En fin de compte, il semble bien que traduire les onomatopées du poème de Bürger ait conduit traducteurs et poètes français à prendre conscience de ressources encore trop ignorées de leur langue. Dans son Albertus, Théophile Gautier se réapproprie certaines des onomatopées de Bürger :

La vieille fit : hop ! hop ! Et par la cheminée
de reflets flamboyants soudain illuminée,
deux manches à balais, tout bridés, tout sellés,
entrèrent dans la salle avec force ruades […][38]

Housch ! Housch ! Comme des sauterelles
les deux balais prirent leur vol […][39]

Trap ! Trap ! Ils vont comme le vent de la bise […][40]

Dans le grand fauteuil noir le diable se plaça
et donna le signal, hurrah ! Hurrah ! […] [41]

La référence aux onomatopées de Lénore est ici incontestable. Cette « migration » poétique a certainement été rendue possible par l’existence de la version signée par Nerval en 1830. Gautier reprendra encore dans ses Jeunes-France[42] le célèbre kling, kling, kling !

Quant à Gérard de Nerval, il pense encore sans aucun doute à Bürger lorsqu’il écrit :

Il entend […] le kling-kling d’une cloche dans la campagne, le hop ! hop ! hop ! d’un cheval au galop, le cric-crac d’une porte qui se brise... Et puis, s’il a une plume, il jette tout cela sur le papier, comme il l’a vu, comme il l’a entendu […][43]

Loin d’être un trait d’écriture spécifique aux poètes d’outre-Rhin, comme Nerval semblait le faire entendre, les onomatopées avaient déjà fait les beaux jours de la poésie française au XVIe siècle[44] et continuaient à donner vie aux chansons des villages. On peut ainsi affirmer que la rencontre des onomatopées de la lyrique allemande fut, pour certains poètes français, l’occasion d’une redécouverte. Pour avoir contribué à réactiver dans la littérature l’univers sonore des onomatopées, la traduction a fait évoluer, tant chez les poètes que chez les traducteurs, l’approche même de l’objet littéraire.

Indubitablement, la traduction de poésie étrangère a eu un impact considérable sur les changements dans la pratique des traducteurs en France, autant et peut-être même plus que la traduction d’autres genres littéraires. L’exemple de la traduction des onomatopées présentes dans Lénore révèle qu’en l’espace d’un demi-siècle environ, on est progressivement passé d’une traduction proche de l’imitation, plus soucieuse de « contenu », à une recherche affirmée de l’expression et de la forme. Cette démarche n’est pas restée sans écho chez les poètes français de l’époque romantique.
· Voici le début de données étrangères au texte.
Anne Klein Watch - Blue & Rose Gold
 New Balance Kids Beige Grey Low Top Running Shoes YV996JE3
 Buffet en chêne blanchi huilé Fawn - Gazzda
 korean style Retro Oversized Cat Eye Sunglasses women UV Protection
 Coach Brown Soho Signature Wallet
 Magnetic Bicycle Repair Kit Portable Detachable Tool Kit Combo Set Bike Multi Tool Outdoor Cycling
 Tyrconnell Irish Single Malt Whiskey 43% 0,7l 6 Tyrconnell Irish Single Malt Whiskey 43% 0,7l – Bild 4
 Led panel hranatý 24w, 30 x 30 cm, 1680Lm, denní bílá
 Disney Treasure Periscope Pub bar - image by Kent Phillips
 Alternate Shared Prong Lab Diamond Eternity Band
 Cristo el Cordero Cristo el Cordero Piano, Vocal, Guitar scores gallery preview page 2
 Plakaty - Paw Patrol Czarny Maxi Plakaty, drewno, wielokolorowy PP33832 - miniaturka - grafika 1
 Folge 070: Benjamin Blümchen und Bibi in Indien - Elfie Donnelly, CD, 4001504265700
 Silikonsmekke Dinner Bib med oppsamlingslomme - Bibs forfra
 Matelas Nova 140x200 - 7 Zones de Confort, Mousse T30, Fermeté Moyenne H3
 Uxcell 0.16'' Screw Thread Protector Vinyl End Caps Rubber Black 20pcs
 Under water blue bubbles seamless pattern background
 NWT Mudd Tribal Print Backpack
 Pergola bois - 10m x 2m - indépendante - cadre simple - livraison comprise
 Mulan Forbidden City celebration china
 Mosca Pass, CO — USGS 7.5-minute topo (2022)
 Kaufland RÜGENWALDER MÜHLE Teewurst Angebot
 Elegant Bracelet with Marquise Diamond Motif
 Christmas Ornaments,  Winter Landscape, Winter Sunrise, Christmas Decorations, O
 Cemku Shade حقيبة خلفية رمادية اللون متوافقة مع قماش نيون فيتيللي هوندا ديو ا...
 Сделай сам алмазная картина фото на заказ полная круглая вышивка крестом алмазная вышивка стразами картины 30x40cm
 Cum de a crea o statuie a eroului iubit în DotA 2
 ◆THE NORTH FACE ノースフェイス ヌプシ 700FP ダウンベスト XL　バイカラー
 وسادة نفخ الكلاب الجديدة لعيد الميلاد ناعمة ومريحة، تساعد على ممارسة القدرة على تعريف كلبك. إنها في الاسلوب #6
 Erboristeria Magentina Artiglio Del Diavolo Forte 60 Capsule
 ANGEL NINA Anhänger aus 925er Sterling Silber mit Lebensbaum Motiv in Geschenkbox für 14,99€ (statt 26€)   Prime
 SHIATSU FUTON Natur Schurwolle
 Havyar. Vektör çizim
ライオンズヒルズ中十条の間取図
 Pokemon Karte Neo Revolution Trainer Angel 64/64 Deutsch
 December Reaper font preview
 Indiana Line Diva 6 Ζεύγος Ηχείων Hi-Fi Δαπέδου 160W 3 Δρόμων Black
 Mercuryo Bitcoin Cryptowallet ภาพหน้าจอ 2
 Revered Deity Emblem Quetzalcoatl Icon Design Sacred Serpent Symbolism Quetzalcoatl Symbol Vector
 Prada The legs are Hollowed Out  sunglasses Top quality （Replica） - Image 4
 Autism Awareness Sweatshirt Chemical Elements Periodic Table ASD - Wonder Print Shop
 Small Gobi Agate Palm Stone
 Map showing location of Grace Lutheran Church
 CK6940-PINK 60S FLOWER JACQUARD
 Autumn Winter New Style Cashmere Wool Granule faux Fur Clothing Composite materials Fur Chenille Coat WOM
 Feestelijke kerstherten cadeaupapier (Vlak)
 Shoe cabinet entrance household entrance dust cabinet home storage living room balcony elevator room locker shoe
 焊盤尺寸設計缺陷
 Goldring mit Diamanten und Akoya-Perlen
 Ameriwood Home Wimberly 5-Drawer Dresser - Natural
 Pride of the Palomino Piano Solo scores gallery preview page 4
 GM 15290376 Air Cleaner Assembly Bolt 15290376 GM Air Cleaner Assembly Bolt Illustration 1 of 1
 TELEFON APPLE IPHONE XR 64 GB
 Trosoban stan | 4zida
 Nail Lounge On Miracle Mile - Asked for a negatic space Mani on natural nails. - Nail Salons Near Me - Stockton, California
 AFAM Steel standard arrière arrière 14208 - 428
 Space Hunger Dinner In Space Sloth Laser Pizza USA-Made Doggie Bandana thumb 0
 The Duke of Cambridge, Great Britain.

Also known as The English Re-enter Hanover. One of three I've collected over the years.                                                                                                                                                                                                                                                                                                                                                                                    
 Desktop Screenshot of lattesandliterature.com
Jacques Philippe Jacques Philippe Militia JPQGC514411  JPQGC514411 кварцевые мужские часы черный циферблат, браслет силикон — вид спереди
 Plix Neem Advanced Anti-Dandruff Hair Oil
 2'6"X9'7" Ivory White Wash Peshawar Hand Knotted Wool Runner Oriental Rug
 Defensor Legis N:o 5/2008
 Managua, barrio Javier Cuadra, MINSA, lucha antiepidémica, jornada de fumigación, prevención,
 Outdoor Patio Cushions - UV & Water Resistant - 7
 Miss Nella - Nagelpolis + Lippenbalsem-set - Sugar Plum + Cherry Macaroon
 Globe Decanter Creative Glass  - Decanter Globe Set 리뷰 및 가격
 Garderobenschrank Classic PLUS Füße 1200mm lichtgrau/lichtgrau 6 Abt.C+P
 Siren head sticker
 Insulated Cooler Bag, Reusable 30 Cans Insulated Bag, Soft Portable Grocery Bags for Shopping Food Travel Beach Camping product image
Étudier le glissement de la poésie d’une langue à une autre et sa reterritorialisation dans une nouvelle culture permet une approche concrète et subtile des mécanismes de la traduction. Parce qu’elle est avant tout un objet de discours, porteur d’une très forte empreinte énonciative, l’onomatopée pose le problème du discours rapporté en traduction. C’est au « conflit des énonciations » dont parlent les linguistes[45], autrement dit, à la superposition d’instances énonciatives hétérogènes lors du nouvel encodage, que l’on doit les résistances opposées par les onomatopées au moment de leur « translation ».

Une investigation plus large sur la traduction envisagée sous l’angle pragmatique peut certainement permettre de dépasser la simple question des « influences » à l’oeuvre dans une littérature pour aborder des problèmes plus complexes (traduction comme processus énonciatif où s’inscrit en creux la présence du sujet traduisant, comme vecteur du transfert de formes poétiques, de modifications métriques, etc.), créant ainsi un cadre renouvelé pour l’étude du texte littéraire.